**TASK STATEMENT:** Transcribe the data as written, minus images.

**MATERIAL PROVIDED:**
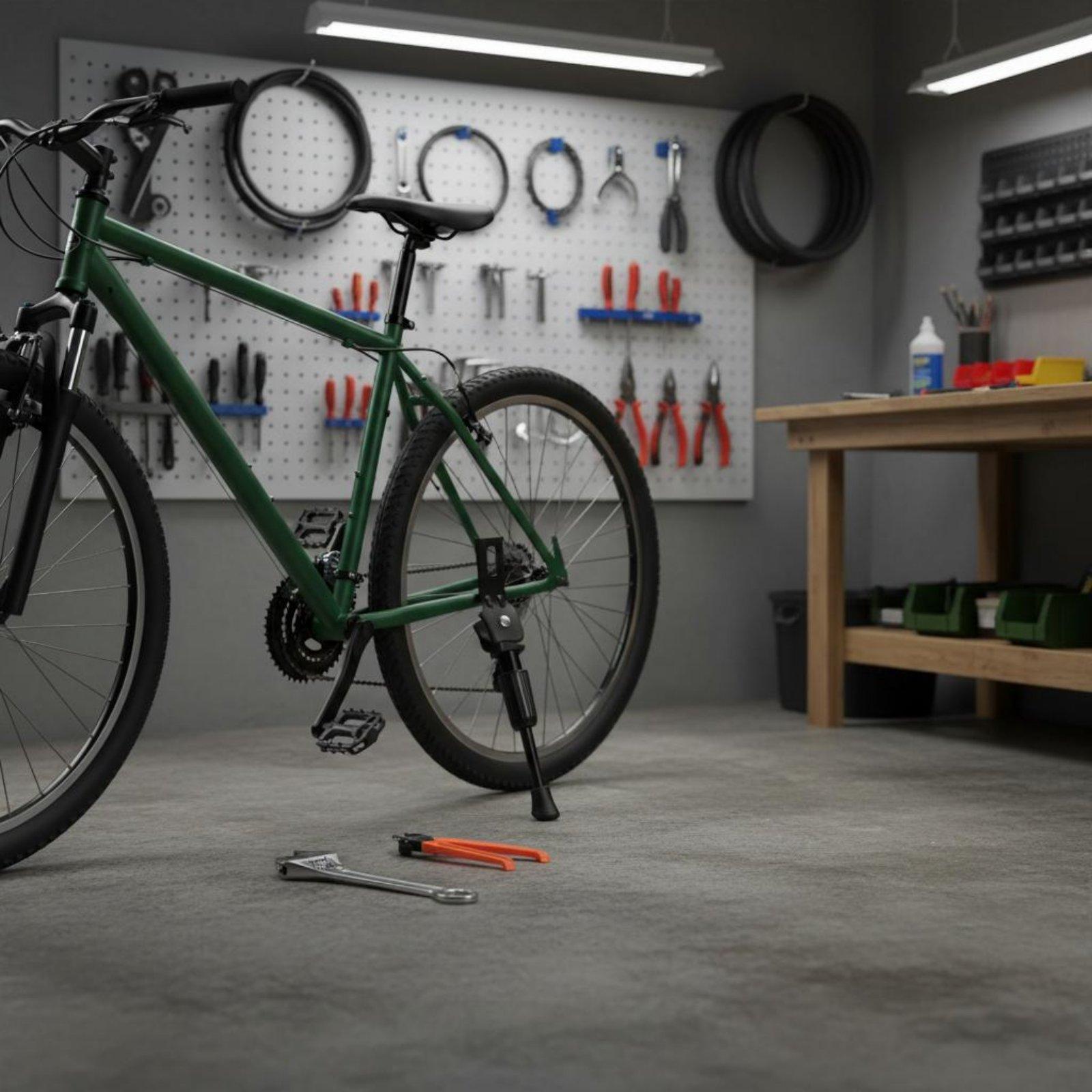 Bisiklet Desteği Ayarlanabilir - Kickstand Adjustable incelemesi ve fiyatı
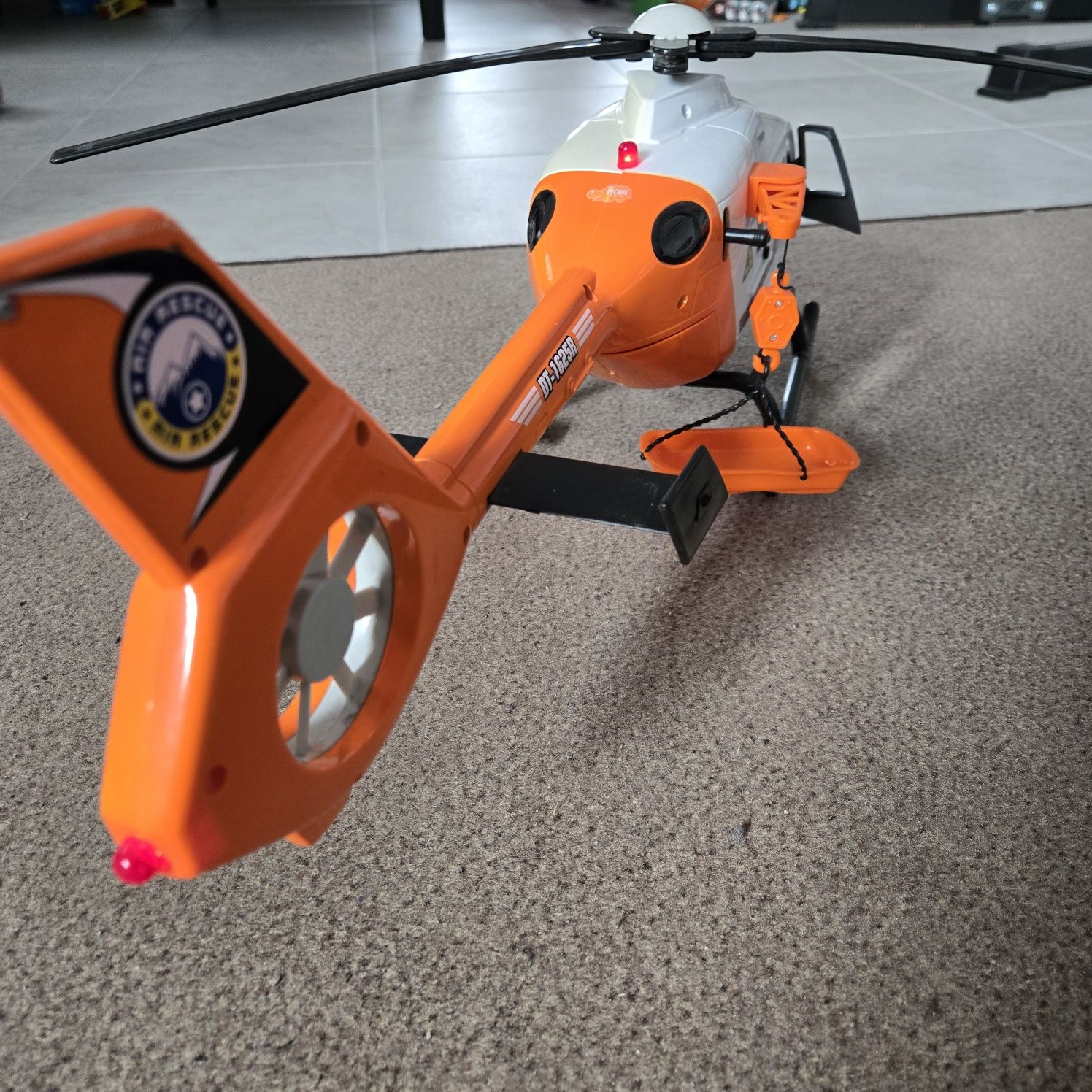 Helikopter Dickie duży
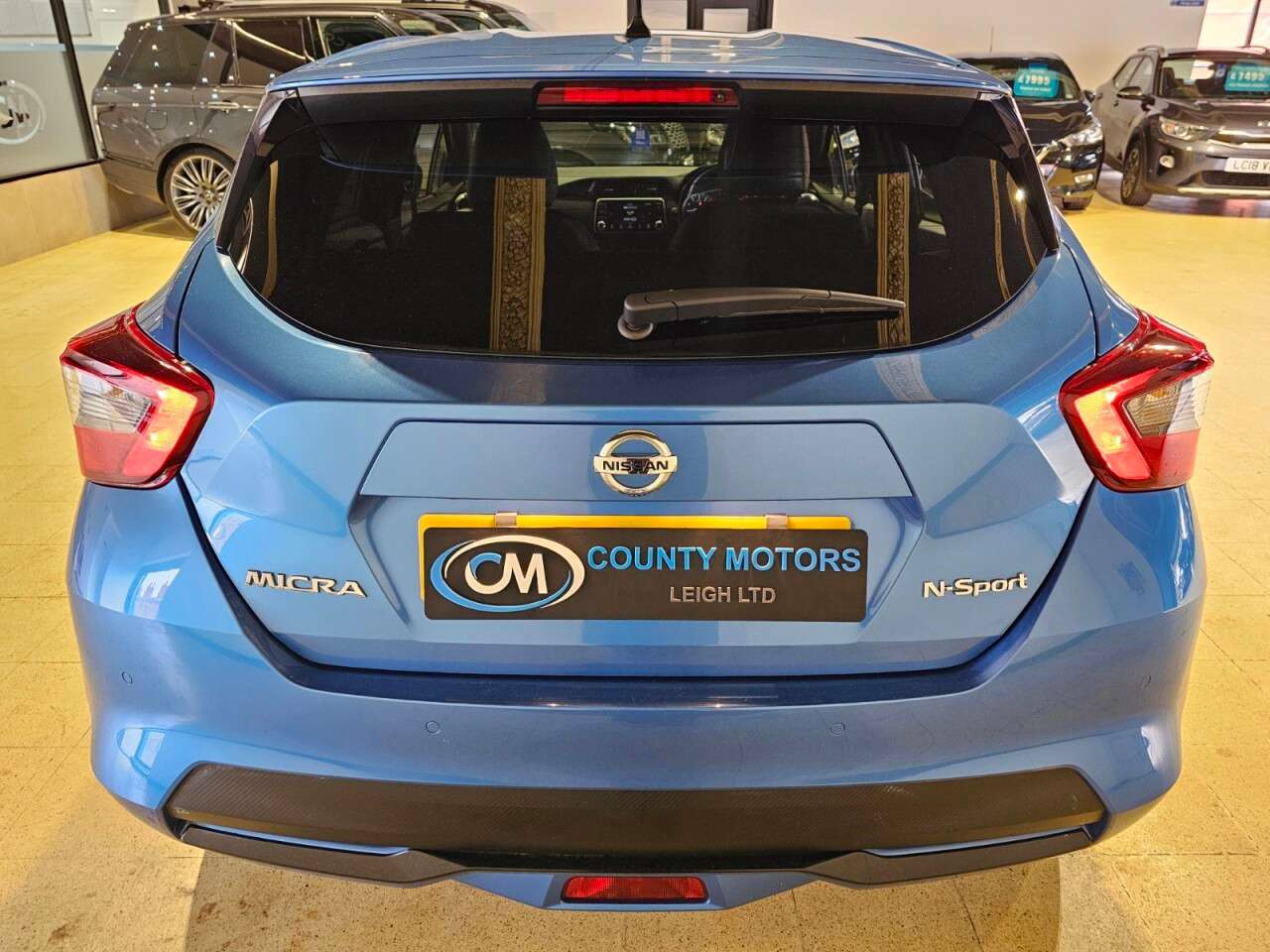 2021 NISSAN MICRA 2021 NISSAN MICRA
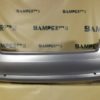 Бампер задний Skoda Octavia 2 A5 2008-2013 8E, LA7W, 9156 Reflex Silver, Brilliant Серебристый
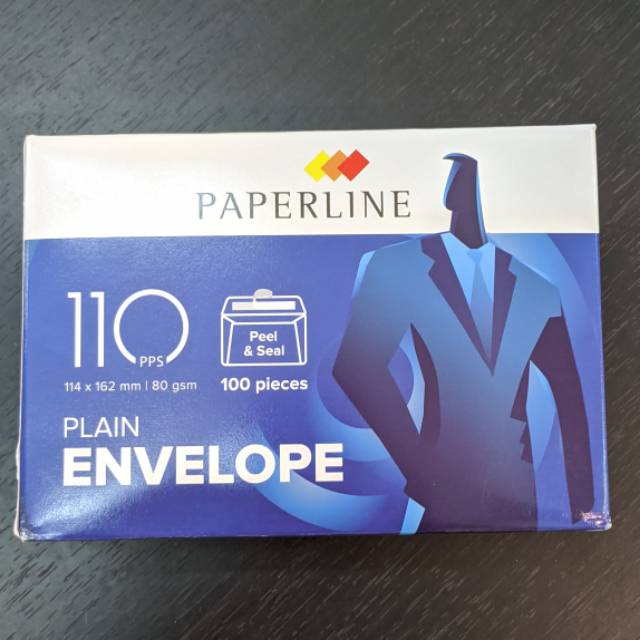 

Amplop Paperline 110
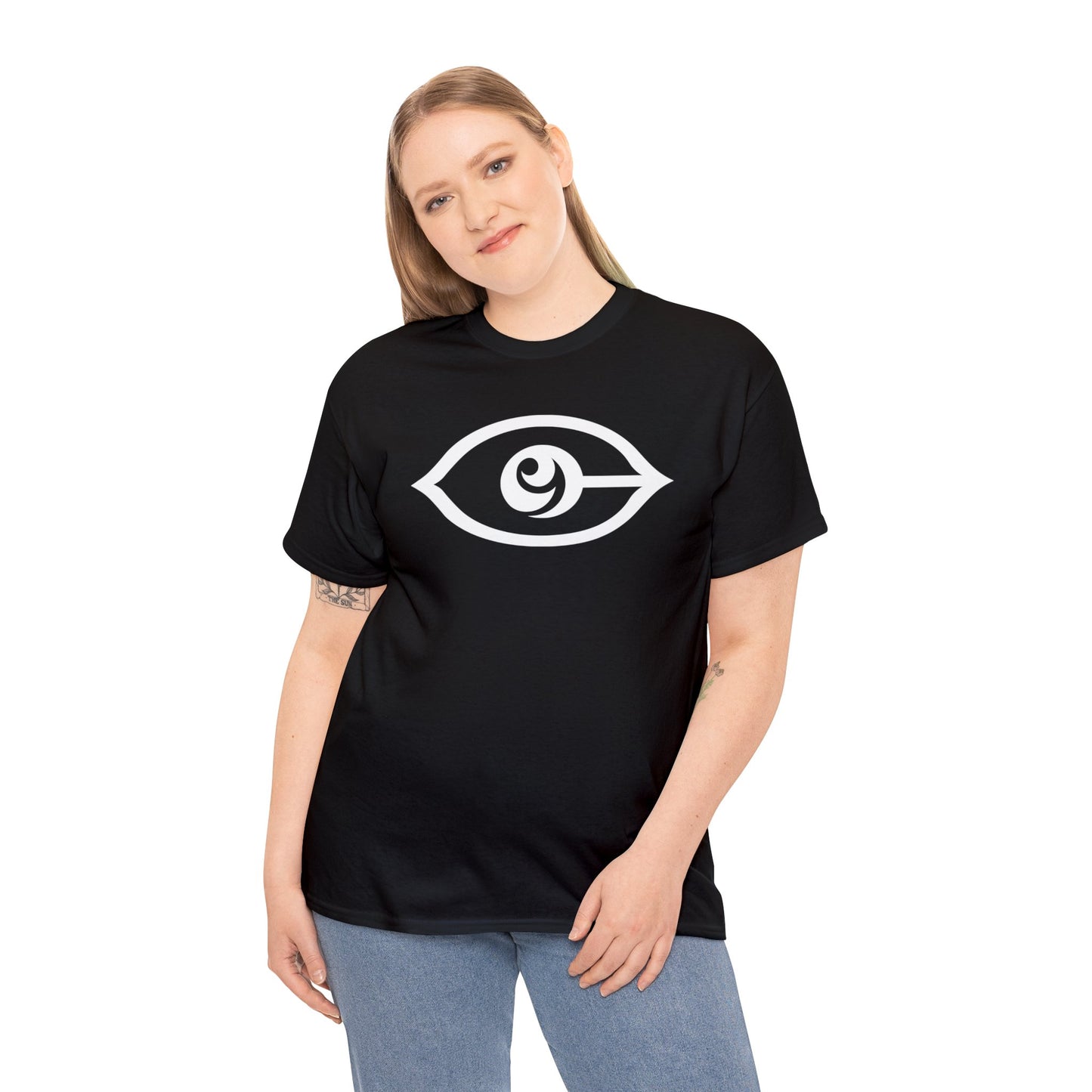 CyVision Cymarshall Law Unisex Heavy Cotton Tee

**OUTPUT BELOW:**
 Bisiklet Desteği Ayarlanabilir - Kickstand Adjustable incelemesi ve fiyatı
 Helikopter Dickie duży
 2021 NISSAN MICRA 2021 NISSAN MICRA
 Бампер задний Skoda Octavia 2 A5 2008-2013 8E, LA7W, 9156 Reflex Silver, Brilliant Серебристый

Amplop Paperline 110
 CyVision Cymarshall Law Unisex Heavy Cotton Tee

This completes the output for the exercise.